→ Your task:
Locate "John Deere 3520" in the records below, then copy its line and every following line exactly, without the pictures.

→ Data supplied:

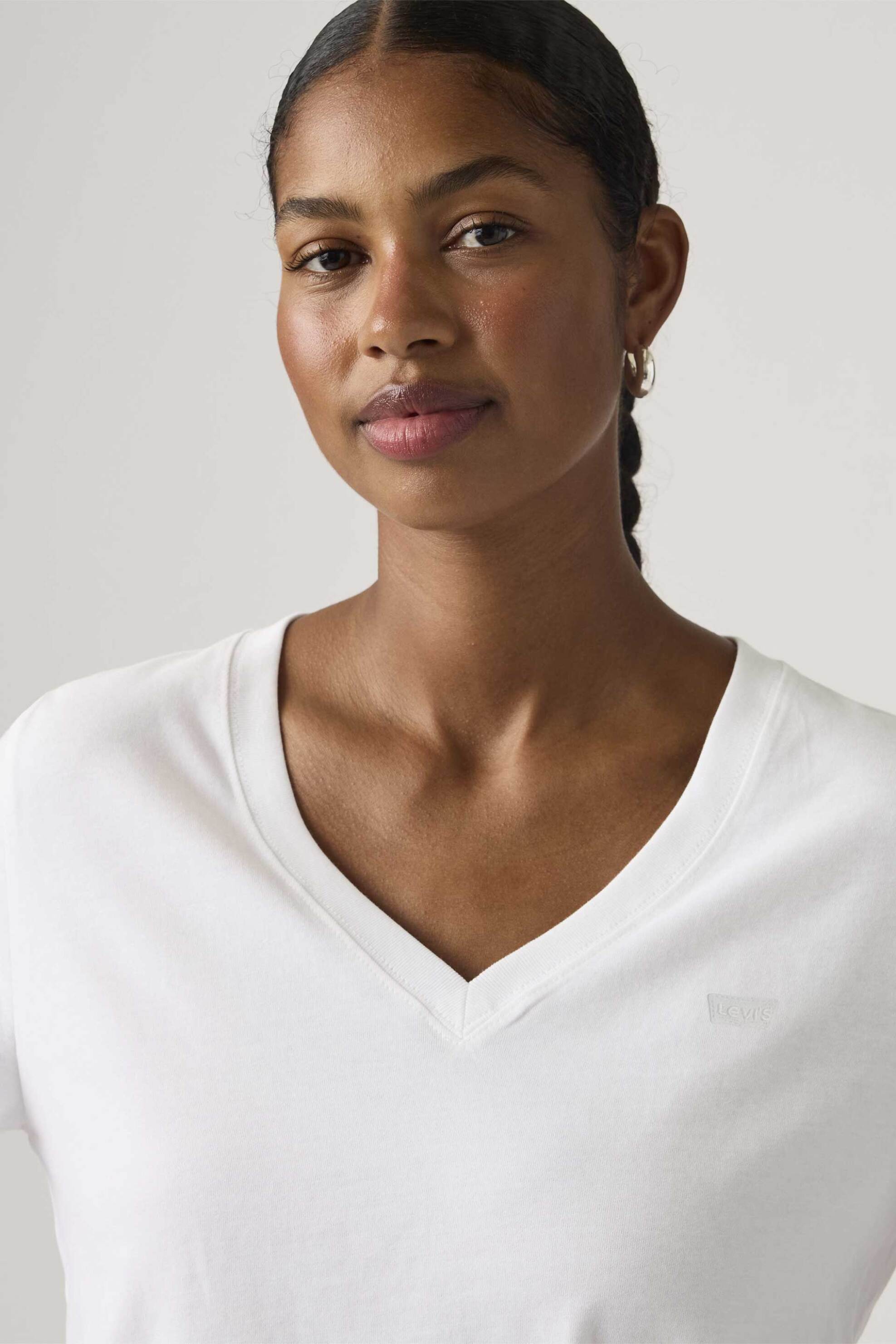 Levi's® γυναικείο T-shirt με V και λογότυπο Standard Fit 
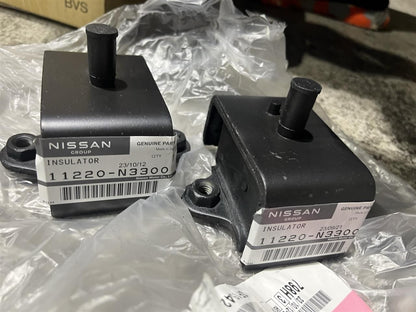 Nissan Genuine Datsun 240Z 260Z 280Z Engine Rubber Mount Set of 2 11220-N3300 ×2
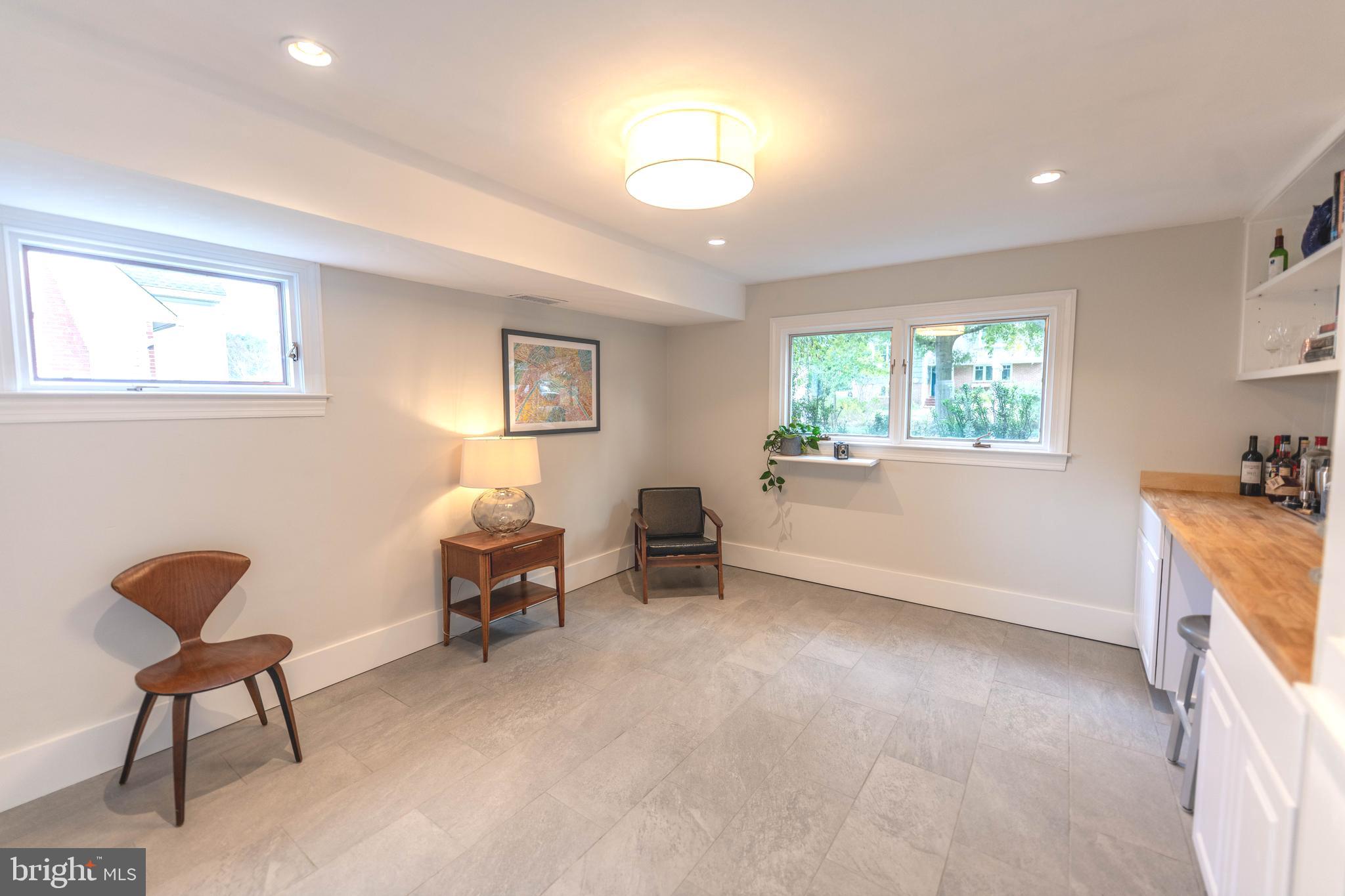 EASTPORT - Residential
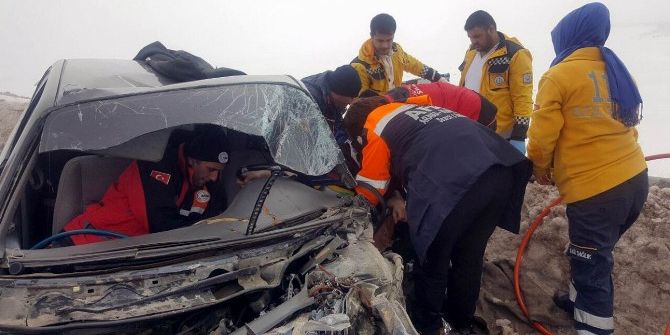 Araçta Sıkışan Sürücüyü Afad Ekipleri Kurtardı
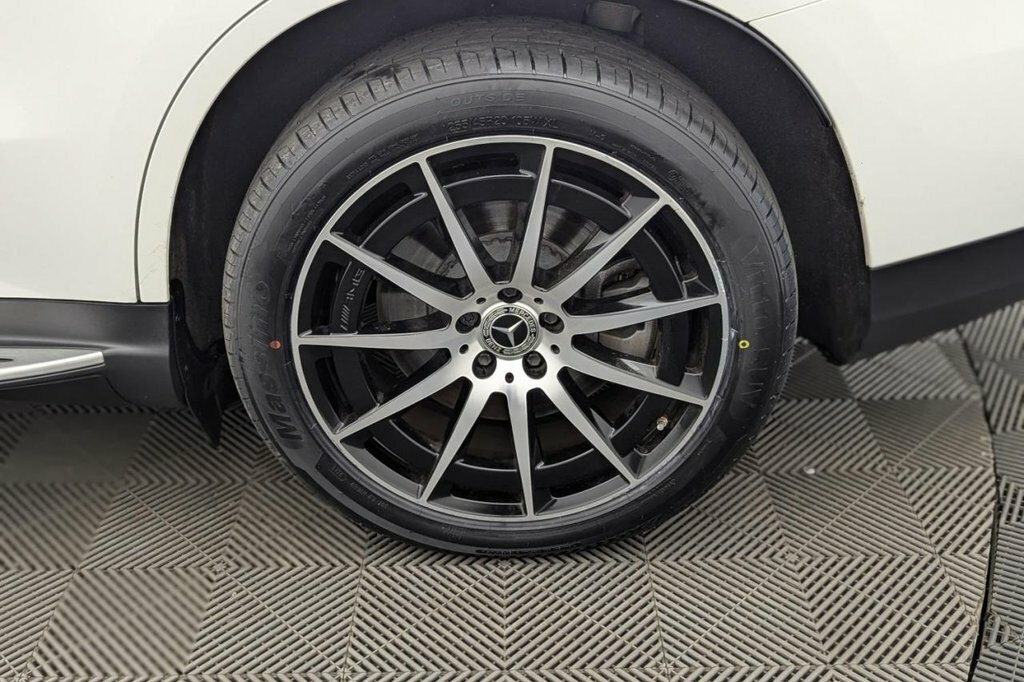 Mercedes-Benz EQC Eqc 400 Amg Line Premium 4Matic Black #60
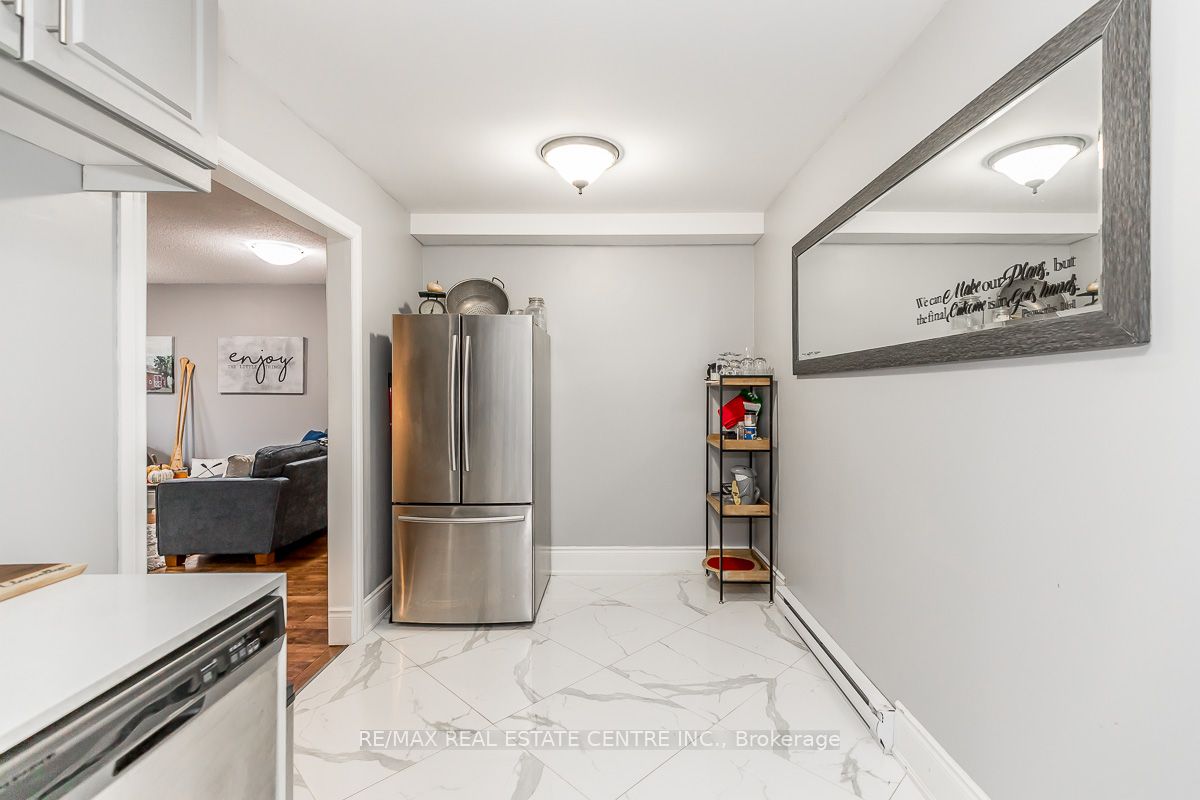 90 Lawrence Ave, #96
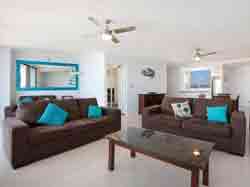 Surfers International Apartments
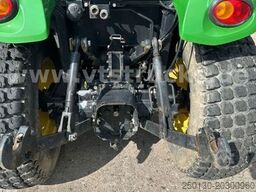 John Deere 3520 4x4 Hofschlepper Rasenbereifung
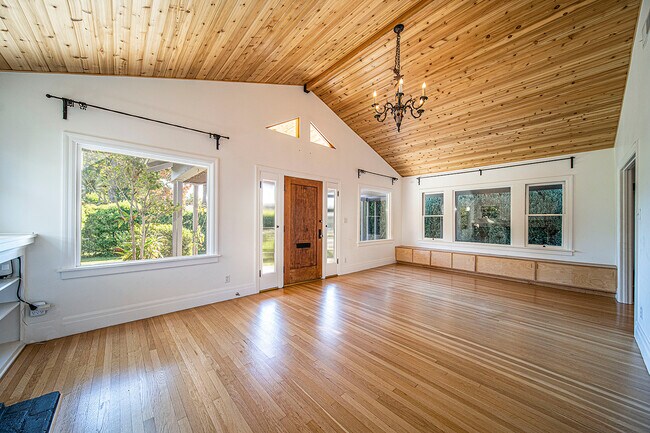 Building Photo - 5123 Townsend Ave
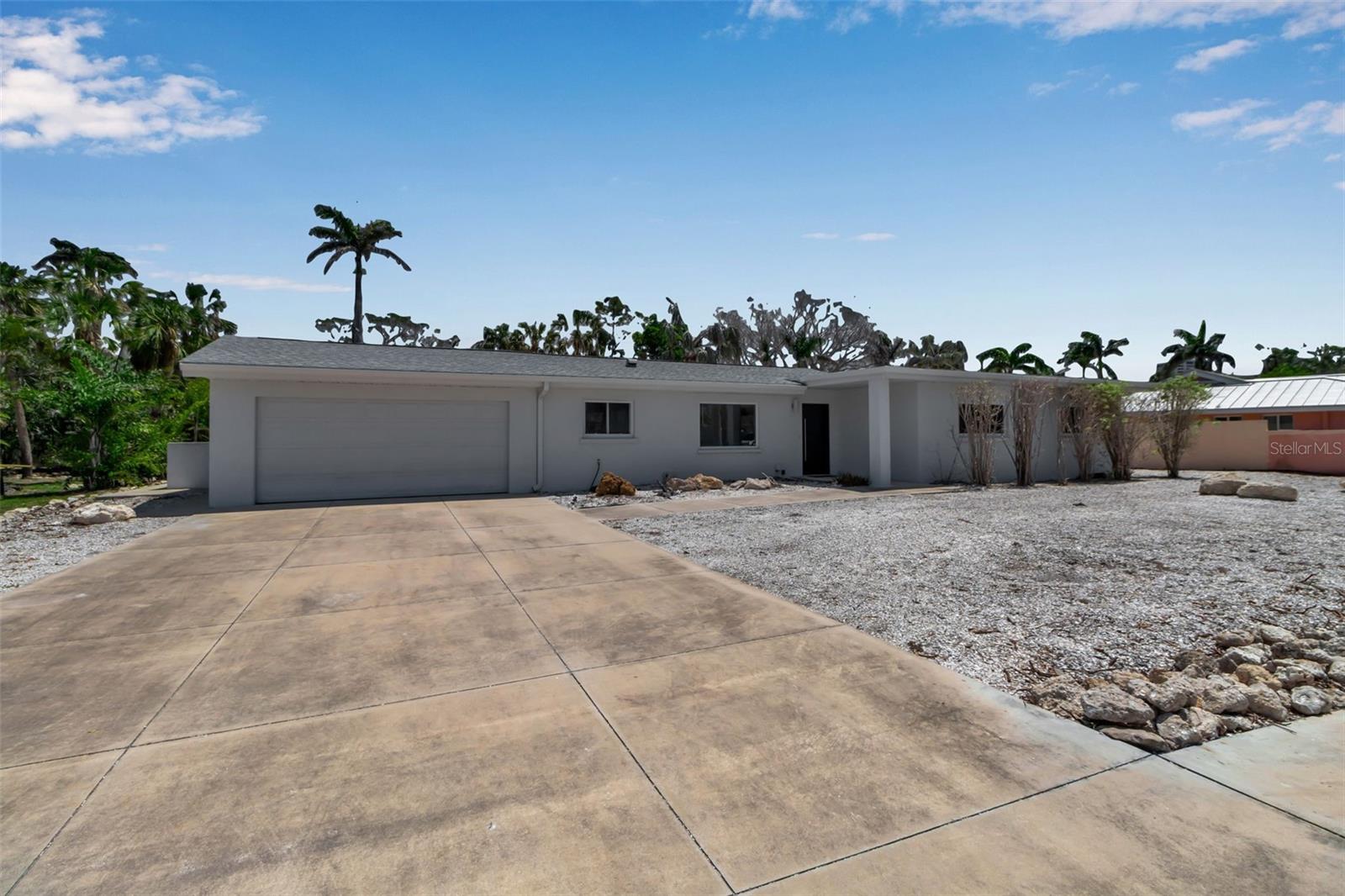 130 N Adams Dr photo 1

→ Answer to this task:
 John Deere 3520 4x4 Hofschlepper Rasenbereifung
 Building Photo - 5123 Townsend Ave
 130 N Adams Dr photo 1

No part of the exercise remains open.